* [Assignment] The entries below contain pictures. Write out only the lines from the line with "愛馬仕 Garden Party PM 手袋 塗層帆布 灰色 銀色 正品 159912" up to and including the line with "Coach leather wristlet", exactly, without them.

* [Available data]
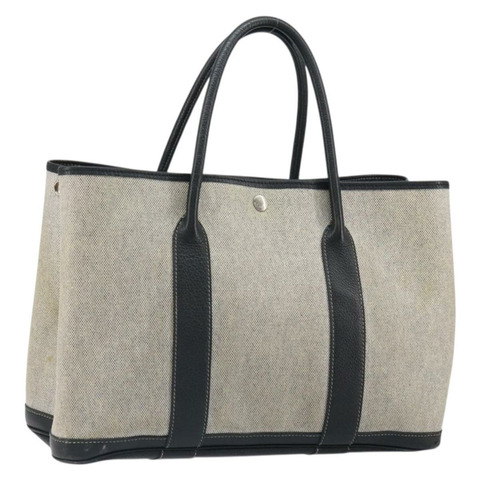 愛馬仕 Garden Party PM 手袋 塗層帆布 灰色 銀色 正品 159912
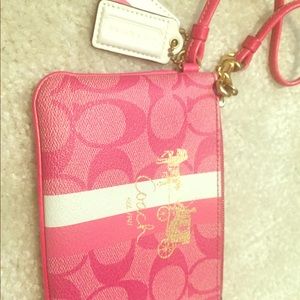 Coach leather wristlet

* * *

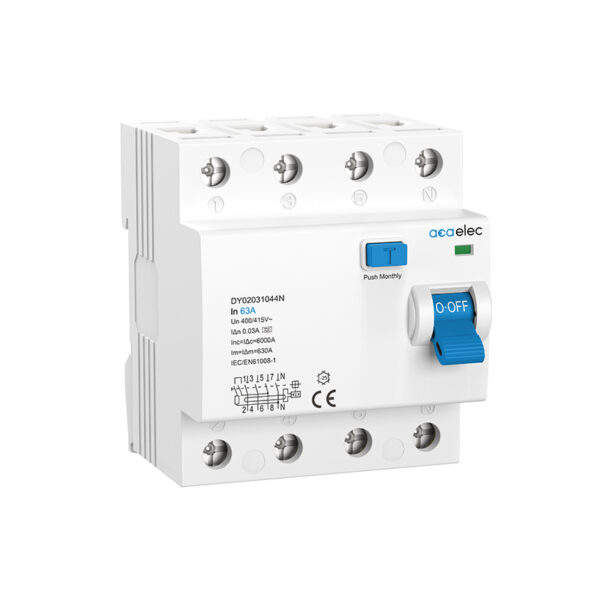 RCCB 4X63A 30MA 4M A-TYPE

--

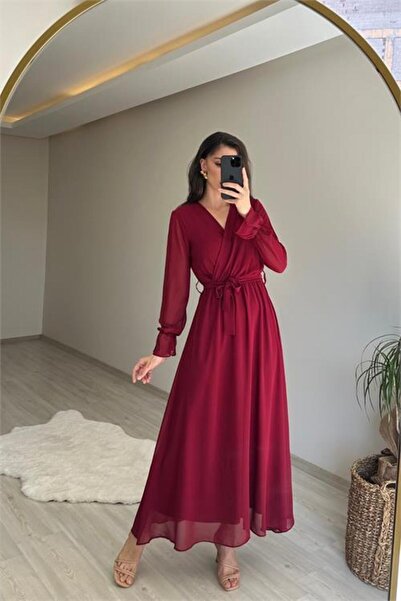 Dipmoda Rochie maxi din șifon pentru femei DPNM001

* [Reply]
 愛馬仕 Garden Party PM 手袋 塗層帆布 灰色 銀色 正品 159912
 Coach leather wristlet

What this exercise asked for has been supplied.